Atatürk'ün dünya görüşünün radikal olması ve bu sebeple kültürle medeniyeti birbirinden ayırmaya imkan vermez görünmesi onun gerçeğini tam yansıtmaz. Atatürk'ün kültürle yapmak istediği batılılaşma yönündeki devrimi sadece Batının metodunu, kalıplarını, ve özellikle batılı düşünüş tarzını getirmektir. Çünkü Türk toplumunun geri kalmasındaki en büyük sebebin kültür ikiliği olduğuna inanmakta, tanzimat batıcılığının ister istemez meydana getirdiği bu ikiliğe son vermek, Batılı zihniyette ve şekiller altında milli bir kültür yaratmak istiyor, aydınla halkın bu kültürle kaynaşmasını istiyordu. Milletine "Ne mutlu Türküm diyene!" haykırısı ile seslenen bir insanın başka türlü düşünmesine imkan yoktur. 1934 de şöyle söylüyordu: "Bir artık grabliyiz.
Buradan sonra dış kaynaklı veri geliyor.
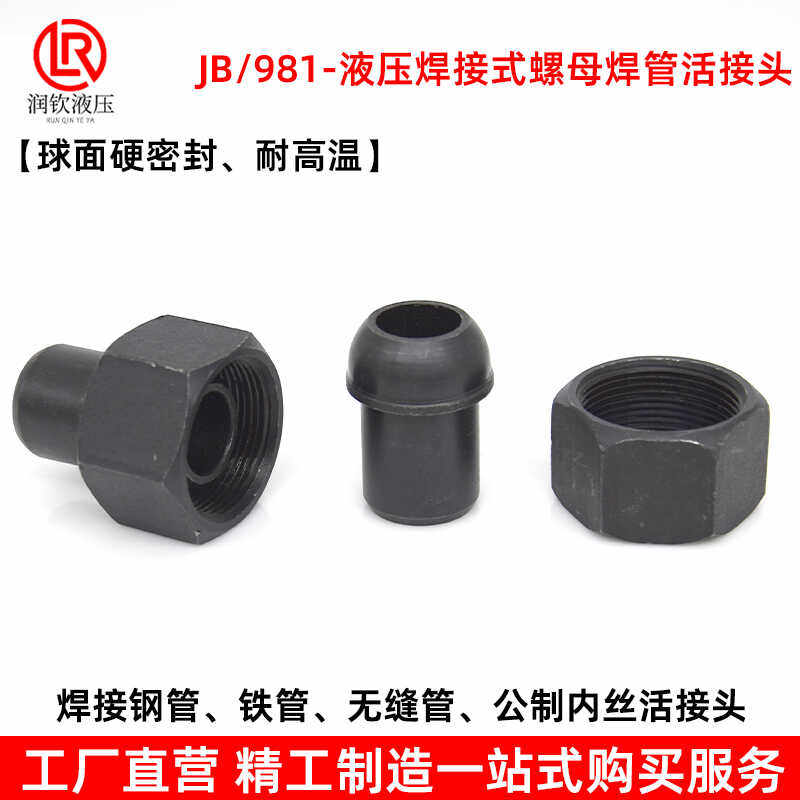 液压焊接式螺母焊管球面密封D型耐高温高压碳钢焊接钢管铁管活接,淘宝优惠券,粉丝福利购,淘宝优惠卷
Eski dünyaya hakim eski medeniyetimizle sadece övünerek değil, bütün zincirleri kırarak, son asır medeniyetinin gittiği yollardan yürüyerek, bu seviyenin de üstüne çıkmağa çalışacağız" diyordu. Cumhuriyetin 10. yıldönümü münasebetiyle söylediği tarihi nutuk onun Batı uygarcılığının en içten gelen, en azimli ifadesidir.
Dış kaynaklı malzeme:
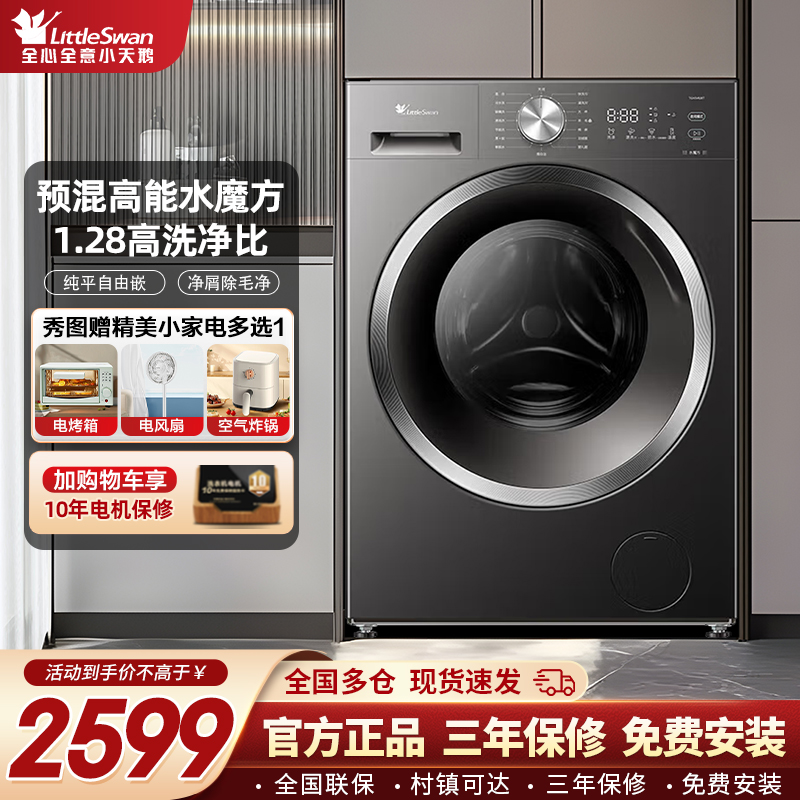 小天鹅水魔方滚筒洗衣机全自动家用12公斤kg大容量变频洗烘一体机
Atatürk yeni devrimlerin korunması ve sürdürülmesi için aydınlara güvenmiştir. "Millet iradesi ile milleti temsil edenler münevverler olacaktır. Bunlar yaptığımız veya yapacağımız kanunlarla inkilaplarımızı gerçekleştirecek ve muasır medeniyet seviyesine ulaştıracaklardır." diyordu. Böylece her zaman ve her toplumda geçerli olan bir gerçeği, yani toplumlarda aydınların daima yol gösterici rolünü oynamak durumunda bulundukları gerçeğini açıklıyordu.
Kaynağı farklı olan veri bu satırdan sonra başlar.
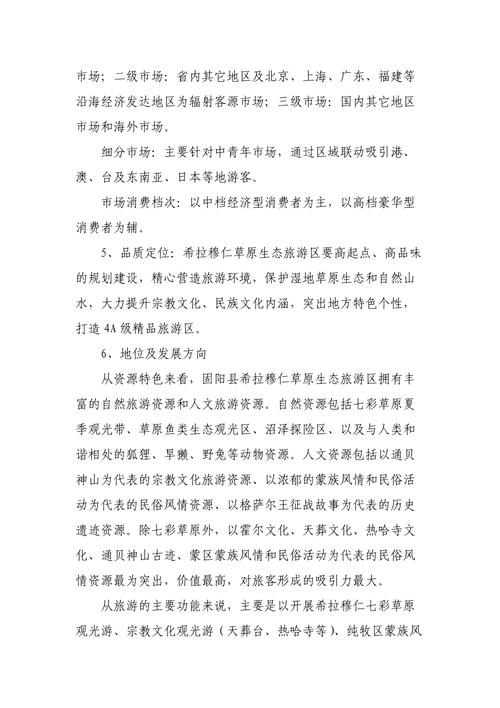 详细阅读:草原旅游项目策划书 草原旅游项目策划书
Yine 10. yıl nutkunda Cumhuriyeti gençliğe emanet ederken Türk gençliğine olan güvenini ortaya koyan Atatürk devrimlerin bekçiliğinde de Türk gençliğine güvenmiştir. Bu nedenle her yurtsever ve gerçek aydın Türk Atatürkçülük önce kendini yetiştirirek batı medeniyeti seviyesine ulaşmaktır. Bu ilk görev olan devrimlerin bekçiliği için vazgeçilmez şarttır.
Bu itibarla Atatürk'ün dünya görüşü medeniyet değiştirme yönünden daha ziyade mutlak, kültür değişmesi yönünden ise daha ziyade nisbidir. Çünkü medeniyet daha ziyade milletlerarası maddi ve manevi değerler manzumesi olduğu halde kültür, milletlerarası etkilere kapalı olmamakla birlikte, daha ziyade milli değerler bütünüdür.

Milli dava, kişiliğinin devamıdır. Atatürk'ün tarih tezi, dilde sadeleşme istemesi ve kültür alanındaki bilinen diğer devrimci reformları Batı potası içinde Batı etkisine açık bir milli kültür yaratmak içindir.
Netice olarak, Atatürk'ün dünya görüşünün büyük niteliği bir doğma olmaması, realist ve prağmatik olmasıdır. Bu sebeple Atatürkçülük, faşizm ve Komünizm gibi doğmatik ideolojileri red eder, onların maskesi ve kalkanı olarak kullanılamaz.

Atatürk'ün dünya görüşünün realist ve pragmatik, yani faydaya ve eyleme dönük bir dünya görüşü olması onun esnek bir dünya görüşü olmasını, başka bir deyimle, yeni şartlara uymayı kabul etmesini gerektirir. Fakat onun canlılığını ve devamlılığını sağlayan bu realist ve pragmatik olma niteliğinin, yani esnekliğinin bir sınırı vardır. Bu sınır ise Batı medeniyetini meydana getiren duyuş, düşünüş ve yaşayış tarzını, onun hukuki, siyasi ve ahlaki temel ilkelerini kesinlikle ret eden komünist ve fasist ideolojilerdir. Zira bu ideolojiler aslında Batının insanlığa kazandırdığı her çeşit vasıtadan faydalanmakla beraber, ona ters düşen, hatta onu spıtiralist ve hüriyetçi düsünce sistemi ve insan kavramı yönünden inkar eden ideolojilerdir.